POJ 2965 The Pilots Brothers' refrigerator

The Pilots Brothers' refrigerator

Time Limit: 1000MS		Memory Limit: 65536K
Total Submissions: 13567		Accepted: 5080		Special Judge

Description

The game “The Pilots Brothers: following the stripy elephant” has a quest where a player needs to open a refrigerator.

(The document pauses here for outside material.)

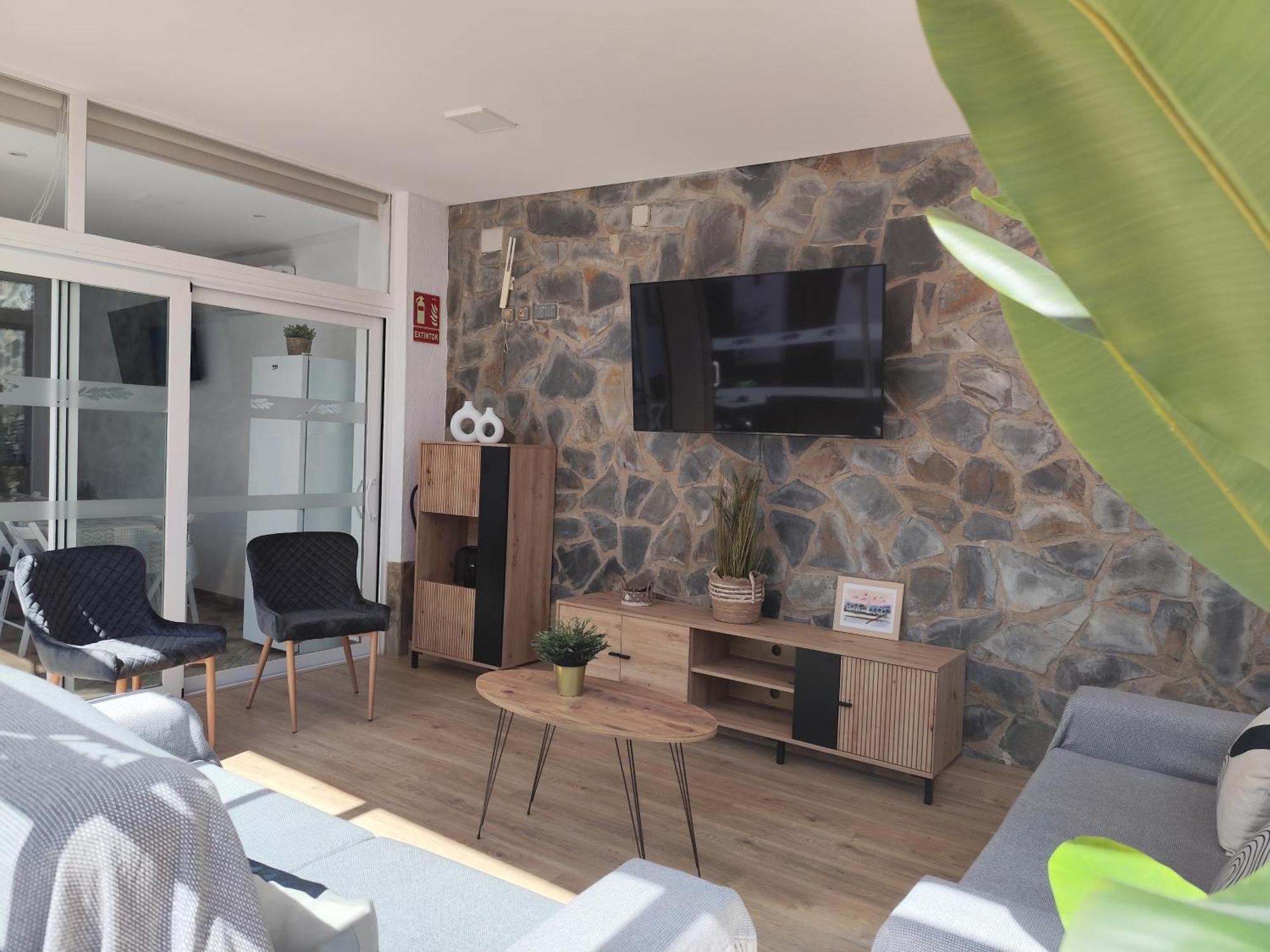 厄尔·波普瑙·德尔·戴尔Lo Trabucador Casa Nueva En El Corazon Del Delta别墅 外观 照片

There are 16 handles on the refrigerator door. Every handle can be in one of two states: open or closed. The refrigerator is open only when all handles are open. The handles are represented as a matrix 4х4. You can change the state of a handle in any location
[i, j] (1 ≤ i, j ≤ 4). However, this also changes states of all handles in row
i and all handles in column j.

The task is to determine the minimum number of handle switching necessary to open the refrigerator.

Input

The input contains four lines. Each of the four lines contains four characters describing the initial state of appropriate handles. A symbol “+” means that the handle is in closed state, whereas the symbol “−” means “open”. At least one of the handles is
initially closed.

Output

The first line of the input contains N – the minimum number of switching. The rest N lines describe switching sequence. Each of the lines contains a row number and a column number of the matrix separated by one or more spaces. If there are several solutions,
you may give any one of them.

Sample Input

-+--
----
----
-+--

Sample Output

6
1 1
1 3
1 4
4 1
4 3
4 4

Source
Northeastern Europe 2004, Western Subregion
解题思路：和1753Flip Game基本一样，买一送一。1753的传送门点击打开链接

#include<iostream>
using namespace std;
char chess[6][6]={'*'};
bool Chess[6][6]={0};
int row[16]={0};
int col[16]={0};
bool flag;
void flip(int x,int y)
{
	int i,j;
	Chess[x][y]=!Chess[x][y];//先翻目标位置，这样接下来两次翻转让它总共翻3次，等价于翻一次
	for(i=1;i<=4;i++)
		Chess[i][y]=!Chess[i][y];//翻动目标所在列
	for(j=1;j<=4;j++)
		Chess[x][j]=!Chess[x][j];//翻动目标所在行
}
bool finish()
{
	int i,j;
	for(i=1;i<=4;i++)
		for(j=1;j<=4;j++)
			if(!Chess[i][j])
				return false;
	return true;
}
bool dfs(int x,int y,int now,int deep)
{
	if(now>deep)   return false;
	if(finish())   return true;
	for(int i=x;i<=4;i++)
		for(int j=y;j<=4;j++)
		{
			flip(i,j);
			row[now]=i;col[now]=j;
			if(j<4)
			{if(dfs(i,j+1,now+1,deep))  return true;}
			else
			{if(dfs(i+1,1,now+1,deep))  return true;}
			flip(i,j);
			if(j==4)
				y=1;
		}
	return false;
}
int main()
{
	int i,j,k,step;
	for(i=1;i<=4;i++)
		for(j=1;j<=4;j++)
		{
			cin>>chess[i][j];
			if(chess[i][j]=='-')
				Chess[i][j]=true;
		}
    for(step=0;step<=16;step++)//一共可翻动0,1,2....16个位置，共2^16种可能
		if(dfs(1,1,0,step))//起始目标位为（1,1），已翻动的位置数为0，可供翻动的位置数为step
			break;
	cout<<step<<endl;
	for(k=0;k<step;k++)
		cout<<row[k]<<" "<<col[k]<<endl;
		return 0;
}